__TASK STATEMENT__: Since the listing below shows pictures, leave them out and write out exactly the lines from the line with "The fun boat" to the line with "Toyota Highlander 2001", both included, and no others.

__RECORDS SHOWN__:
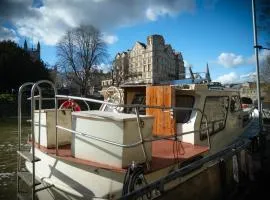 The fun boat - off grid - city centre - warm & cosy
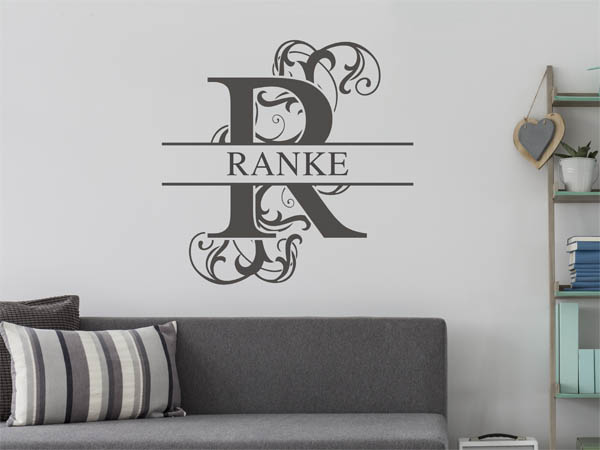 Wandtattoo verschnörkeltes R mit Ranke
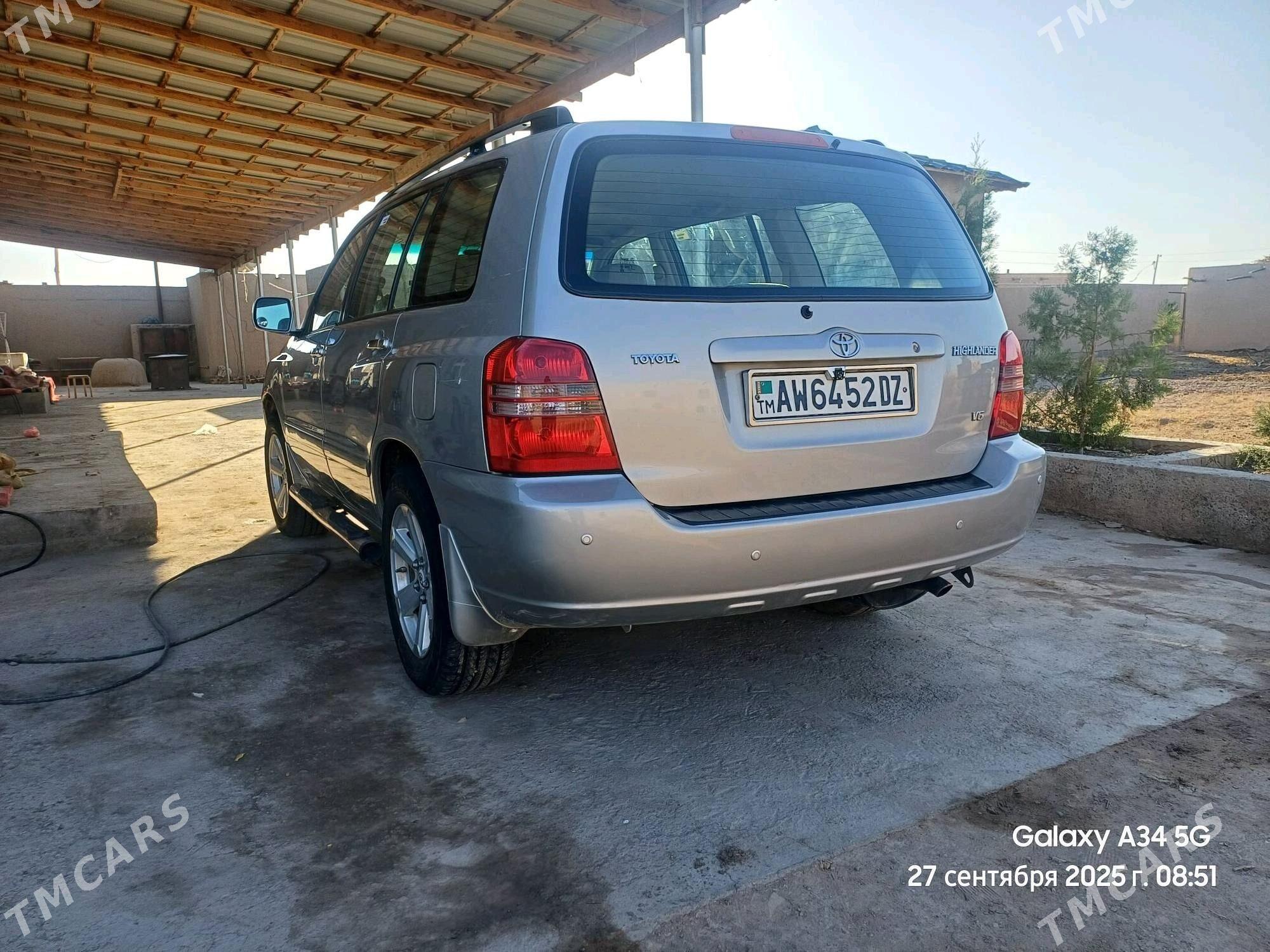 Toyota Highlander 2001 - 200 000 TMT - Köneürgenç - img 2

---

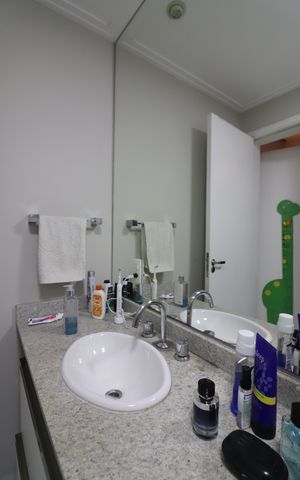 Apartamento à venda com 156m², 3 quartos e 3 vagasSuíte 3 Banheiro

==

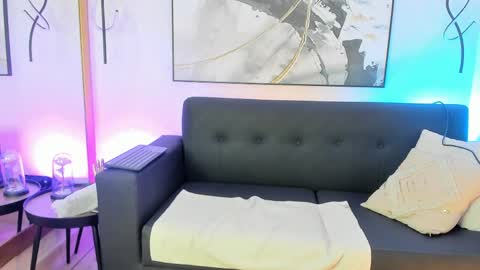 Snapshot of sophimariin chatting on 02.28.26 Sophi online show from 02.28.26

__EXERCISE ANSWER__:
 The fun boat - off grid - city centre - warm & cosy
 Wandtattoo verschnörkeltes R mit Ranke
 Toyota Highlander 2001 - 200 000 TMT - Köneürgenç - img 2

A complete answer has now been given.